Credo che il rapporto tra chi suoni/strimpelli uno strumento e il proprio strumento a volte rasenti i limiti della morbosità.
 
La tua chitarra. Elettrica. La tieni nella custodia. La sua custodia fa schifo, magari scribacchiata e riarrangiata in qualche modo. C’è chi tiene la cosa più costosa della propria casa nell’anta a sinistra dell’armadio [sotto la giacca di pelle. Se venite a cercare le uniche due cose decenti di casa son lì, quindi andate a colpo sicuro….] dirimpetto al tuo basso, che forse suoni un po’ per compensazione come faceva il tuo ex moroso da quando te l’ha lasciato in eredità.
 
Ti guardi le unghie e ti chiedi come puoi riuscire a suonarla perchè sei inadatta a lei con quelle appendici lì.

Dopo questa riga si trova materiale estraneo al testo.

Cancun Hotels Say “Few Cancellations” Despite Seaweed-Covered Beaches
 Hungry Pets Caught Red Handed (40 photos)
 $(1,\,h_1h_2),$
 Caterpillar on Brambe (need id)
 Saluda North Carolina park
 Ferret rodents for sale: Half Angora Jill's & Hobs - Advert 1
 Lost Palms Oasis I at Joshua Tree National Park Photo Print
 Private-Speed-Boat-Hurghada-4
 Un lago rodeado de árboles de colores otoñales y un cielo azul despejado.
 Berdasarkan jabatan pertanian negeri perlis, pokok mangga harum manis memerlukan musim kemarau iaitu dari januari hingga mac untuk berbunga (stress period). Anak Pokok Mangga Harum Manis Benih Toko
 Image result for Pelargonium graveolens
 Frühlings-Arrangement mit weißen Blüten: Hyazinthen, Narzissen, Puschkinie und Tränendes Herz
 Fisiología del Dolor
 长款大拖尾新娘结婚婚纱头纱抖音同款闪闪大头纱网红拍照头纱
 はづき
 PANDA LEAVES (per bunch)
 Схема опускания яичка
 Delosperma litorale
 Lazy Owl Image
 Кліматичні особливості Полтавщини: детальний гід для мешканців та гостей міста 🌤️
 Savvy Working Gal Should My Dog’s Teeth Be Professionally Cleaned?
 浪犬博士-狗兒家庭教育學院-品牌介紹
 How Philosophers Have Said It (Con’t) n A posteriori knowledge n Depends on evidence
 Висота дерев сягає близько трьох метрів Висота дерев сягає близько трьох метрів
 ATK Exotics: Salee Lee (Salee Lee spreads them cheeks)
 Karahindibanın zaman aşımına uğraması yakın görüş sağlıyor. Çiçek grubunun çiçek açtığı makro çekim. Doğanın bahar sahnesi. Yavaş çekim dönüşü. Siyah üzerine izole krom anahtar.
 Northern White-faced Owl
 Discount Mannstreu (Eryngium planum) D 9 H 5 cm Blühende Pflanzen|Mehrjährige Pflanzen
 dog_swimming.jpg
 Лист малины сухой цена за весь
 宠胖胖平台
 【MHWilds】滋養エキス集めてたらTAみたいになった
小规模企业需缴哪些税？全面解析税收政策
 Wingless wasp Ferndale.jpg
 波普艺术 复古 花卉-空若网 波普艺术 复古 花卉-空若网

La sfiori cercando di ricordare le emozioni delle note che hai suonato e tutto quello che ti possono ricordare.
Ogni tanto la riprendi in mano e ti accorgi che risuonarla è come andare in bici, però non ti capita la stessa cosa con le altre.
 
Da segnalare, uno di questi giorni, mia madre mi urla:
«FRAAAAAAAAAAAAAAAAAAAAAAAAAAAAAAAAAAAAAAAAAAAAAAANCEEESCA. Abbassa ‘sti Muse, che so’ gajardi però qui di sopra si sente l’audio triplicato causa forte eco che la scala è tutta vuota…»
«Ehm, mamma…»
«Eh?»
«Ero io…»
«Ah. Quando hai imparato a suonare? Fino a cinque sei anni fa facevi… ehm, vabbè.»